In other words, would you celebrate saints of other churches ?


----------



## Roi Marphille

well, actually it's quite curious to find that every day in the calendar has it's own Saints. Sometimes three... They say in the radio: today it's Saint ___, Saint __...and so on. The patron of the barbers, the patron of the taxi drivers, the patron of referees I don't know...thare are hundreds! This Saint will keep your eyes safe, this one will give you a safe journey...My 95 years old Grandma prays at the same Saint every time she enters in a car, I happen to remember that it's Saint Anthony.

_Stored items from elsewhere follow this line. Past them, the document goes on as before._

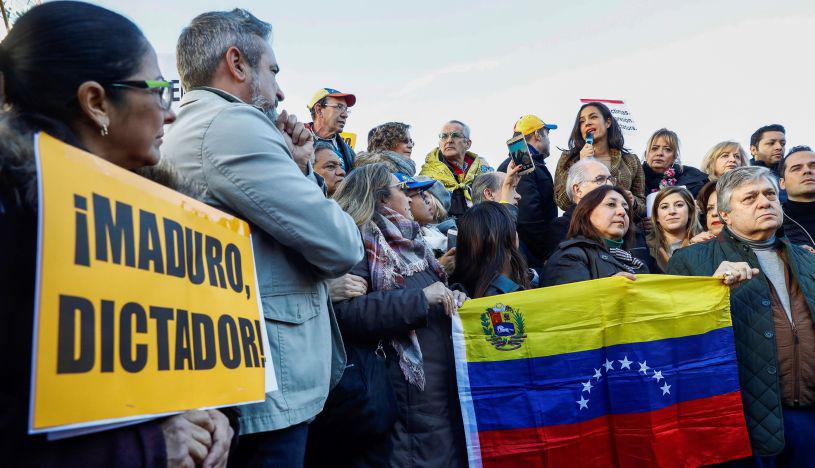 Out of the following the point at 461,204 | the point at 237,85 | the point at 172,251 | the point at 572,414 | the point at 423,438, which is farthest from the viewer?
the point at 461,204

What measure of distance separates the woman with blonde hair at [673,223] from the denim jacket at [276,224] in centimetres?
417

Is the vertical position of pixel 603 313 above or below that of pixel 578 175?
below

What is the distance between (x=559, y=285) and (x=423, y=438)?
1.24 metres

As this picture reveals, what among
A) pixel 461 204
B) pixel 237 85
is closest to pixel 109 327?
pixel 237 85

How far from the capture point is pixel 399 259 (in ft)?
12.5

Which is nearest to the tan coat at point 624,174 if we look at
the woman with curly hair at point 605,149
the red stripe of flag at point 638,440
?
the woman with curly hair at point 605,149

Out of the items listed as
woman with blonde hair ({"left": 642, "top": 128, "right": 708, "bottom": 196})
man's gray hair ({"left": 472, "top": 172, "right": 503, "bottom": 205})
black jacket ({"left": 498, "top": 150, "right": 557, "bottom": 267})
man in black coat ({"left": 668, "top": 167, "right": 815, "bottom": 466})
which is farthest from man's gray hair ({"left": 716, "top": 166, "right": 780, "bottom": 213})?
woman with blonde hair ({"left": 642, "top": 128, "right": 708, "bottom": 196})

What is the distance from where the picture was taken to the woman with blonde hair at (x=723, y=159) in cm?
691

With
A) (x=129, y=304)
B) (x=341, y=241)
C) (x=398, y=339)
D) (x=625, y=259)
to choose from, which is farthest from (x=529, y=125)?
(x=129, y=304)

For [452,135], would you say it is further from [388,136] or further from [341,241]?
[341,241]

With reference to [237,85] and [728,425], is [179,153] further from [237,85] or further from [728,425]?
[728,425]

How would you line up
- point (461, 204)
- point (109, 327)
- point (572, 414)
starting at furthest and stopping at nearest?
point (461, 204) < point (572, 414) < point (109, 327)

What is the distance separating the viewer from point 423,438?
3.59 meters

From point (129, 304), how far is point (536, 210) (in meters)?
4.95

Difficult to take account of them all!


----------



## maxiogee

Dia dhuit, a Sheosaṁ a cara,
Was it in school that you were made aware of the name-day?
I remember a very pro-Catholic, pro-Irish religious-order-run educational system of the 1950s when that would have been prevalent, and can imagine Northern Christian Brothers or nuns being very staunch on things like that. We knew which days were associated with which saints, particularly the Irish ones (as you mentioned) but we didn't feel any personal 'ownership' as we would say nowadays.

Beannacṫaí leat.


----------



## Roi Marphille

maxiogee said:
			
		

> Dia dhuit, a Sheosaṁ a cara,
> Was it in school that you were made aware of the name-day?
> I remember a very pro-Catholic, pro-Irish religious-order-run educational system of the 1950s when that would have been prevalent, and can imagine Northern Christian Brothers or nuns being very staunch on things like that. We knew which days were associated with which saints, particularly the Irish ones (as you mentioned) but we didn't feel any personal 'ownership' as we would say nowadays.
> 
> Beannacṫaí leat.


...ehem...Saint Patrick?


----------



## Fernando

Roi Marphille said:
			
		

> well, actually it's quite curious to find that every day in the calendar has it's own Saints. Sometimes three... They say in the radio: today it's Saint ___, Saint __...and so on. The patron of the barbers, the patron of the taxi drivers, the patron of referees I don't know...thare are hundreds! This Saint will keep your eyes safe, this one will give you a safe journey...My 95 years old Grandma prays at the same Saint every time she enters in a car, I happen to remember that it's Saint Anthony. Difficult to take account of them all!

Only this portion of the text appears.